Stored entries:
== == ==
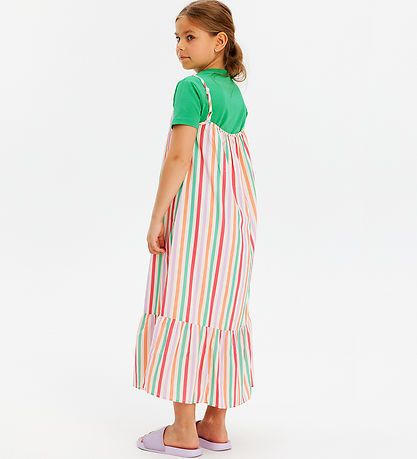 The New Kjole - TnJodie Maxi - Multi Stripe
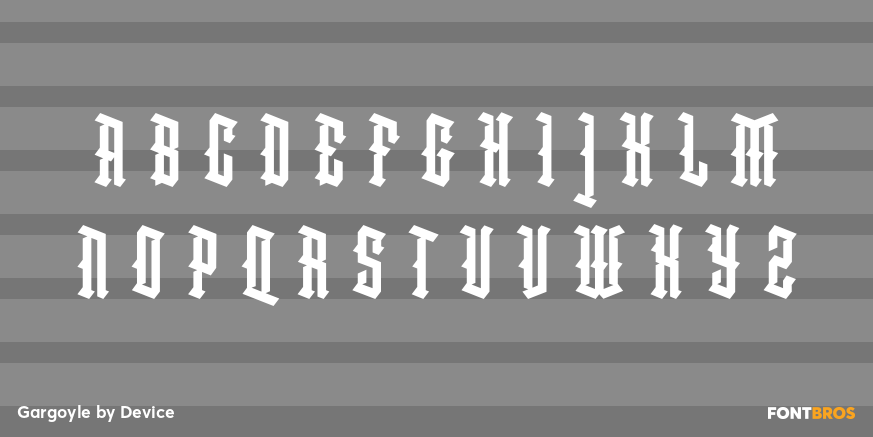 Gargoyle Font Poster #2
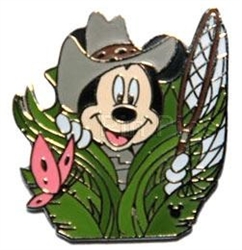 Disney Trading Pins Global Lanyard Series 3 (Butterfly Catcher Mickey)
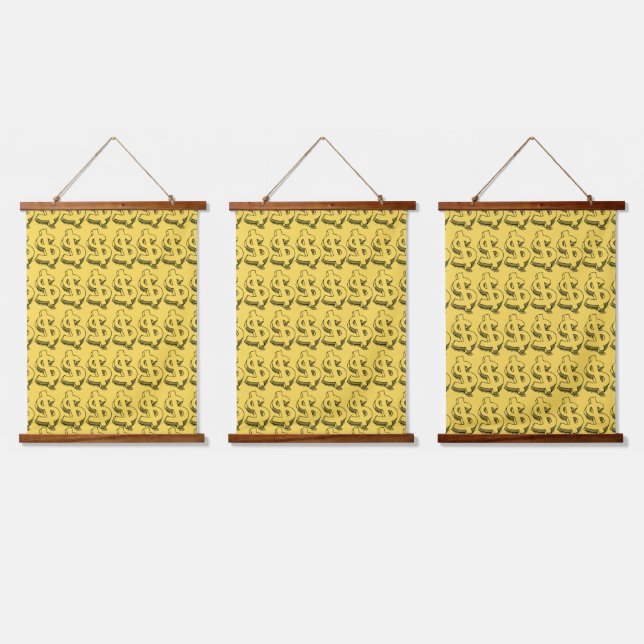 gold dolar hanging tapestry (Triple)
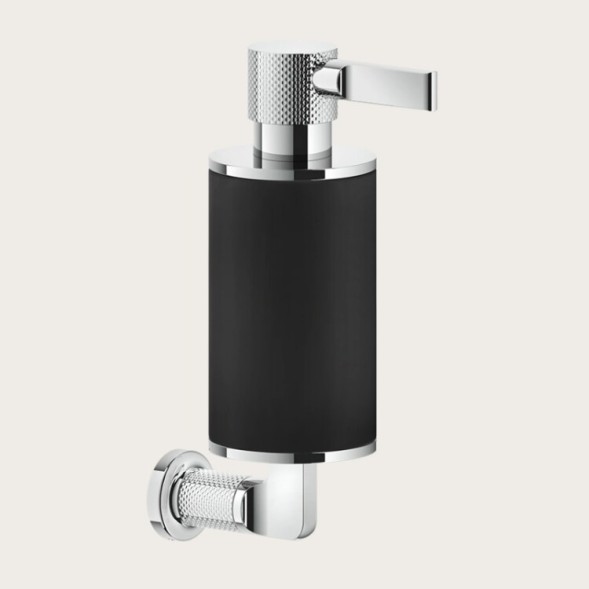 Gessi Дозатор для жидкого мыла, Inciso, шгв 75*147*240, цвет дозатора Матовая латунь#чёрный  58514#727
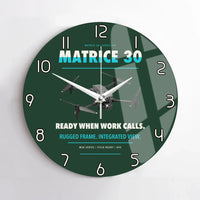 Thumbnail for DJI Matrice 30 design on dark green no frame wall clock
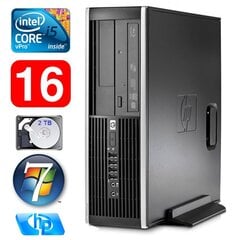 HP 8100 Elite SFF i5-650 16GB 2TB DVD WIN7Pro cena un informācija | Stacionārie datori | 220.lv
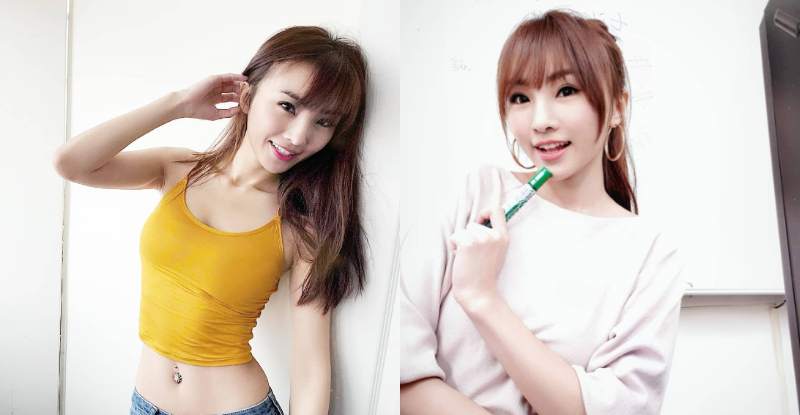 【GG扑克】選課系統要爆啦!最辣女講師「張佳瑩」梳起馬尾性感授課,窈窕曲線讓台下學生斷了理智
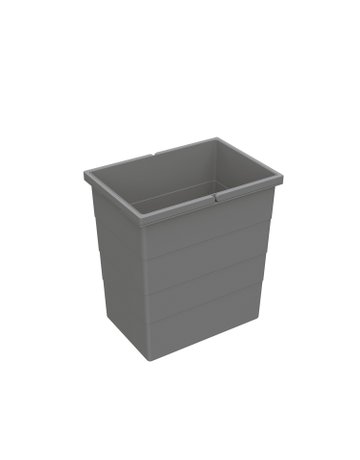 Abfallsystem-Eimer,Inh.20l,KF anthrazit 9352442,ohne Deckel (separat) - Hettich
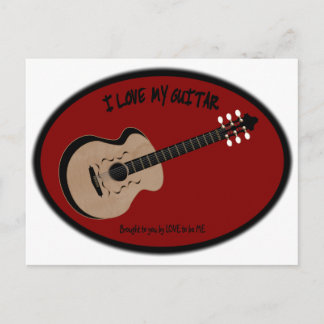 POSTAL ME ENCANTA MI GUITARRA - ME ENCANTA SER MÍ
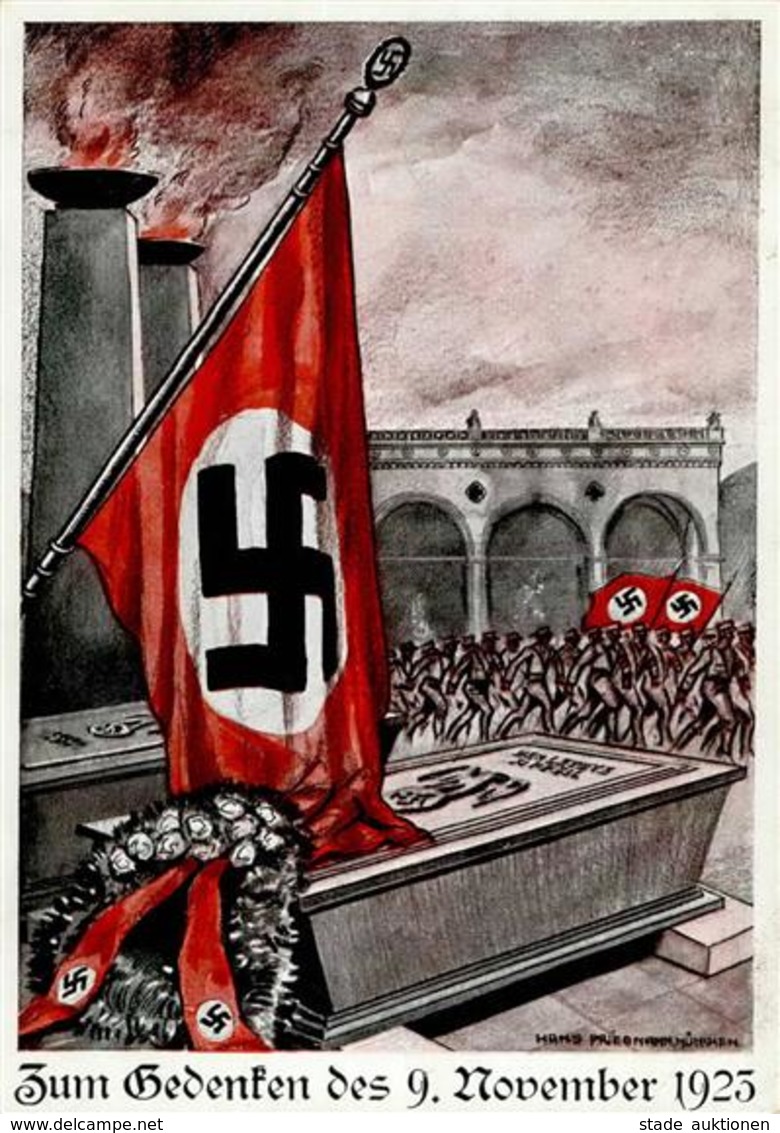 Propaganda WK II - 9.NOVEMBER 1923 PH 1923/33 Mit S-o I-II - Weltkrieg 1939-45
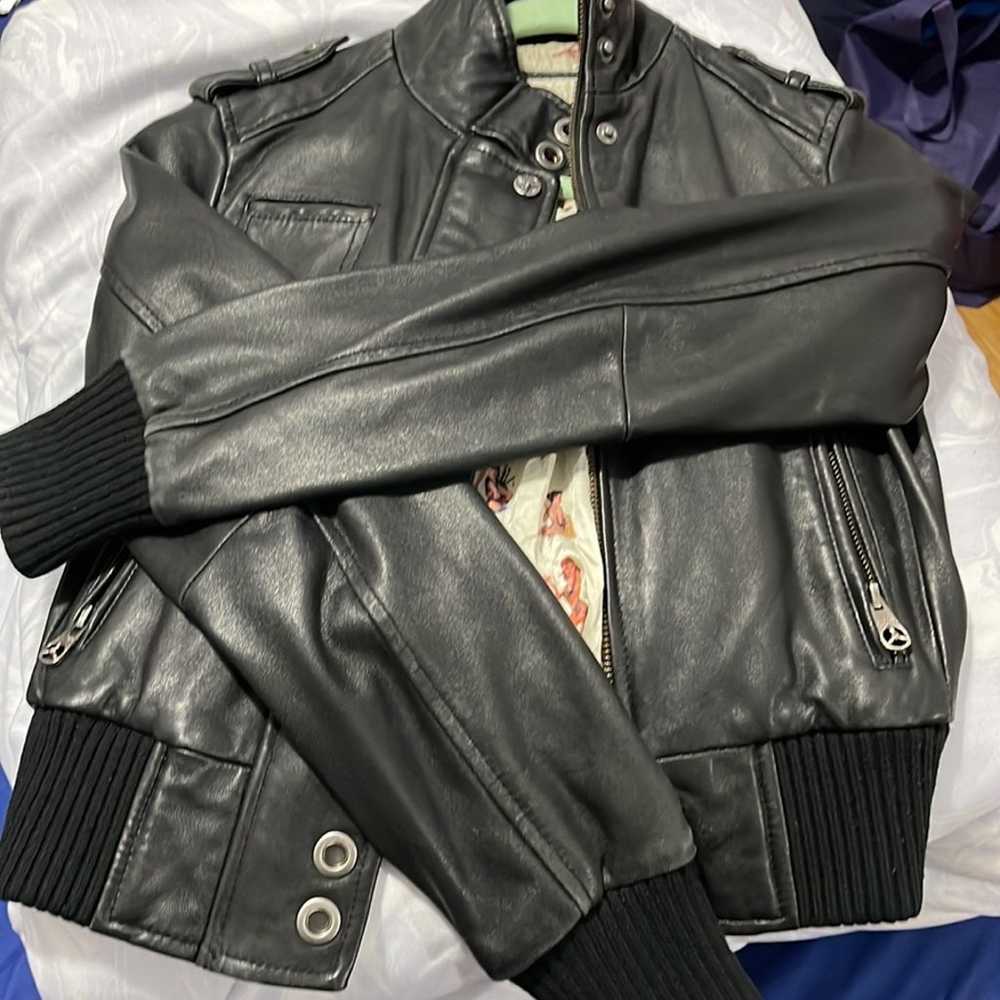 Top Gun women leather jacket - image 2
== == ==
■ Exercise objective
From the records above, quote word for word only the lines beginning at the line that has "Gargoyle Font Poster #2" and stopping after the line that has "Thumbnail for DJI". Omit the pictures.

■ Exercise solution
 Gargoyle Font Poster #2
 Disney Trading Pins Global Lanyard Series 3 (Butterfly Catcher Mickey)
 gold dolar hanging tapestry (Triple)
 Gessi Дозатор для жидкого мыла, Inciso, шгв 75*147*240, цвет дозатора Матовая латунь#чёрный  58514#727
 Thumbnail for DJI Matrice 30 design on dark green no frame wall clock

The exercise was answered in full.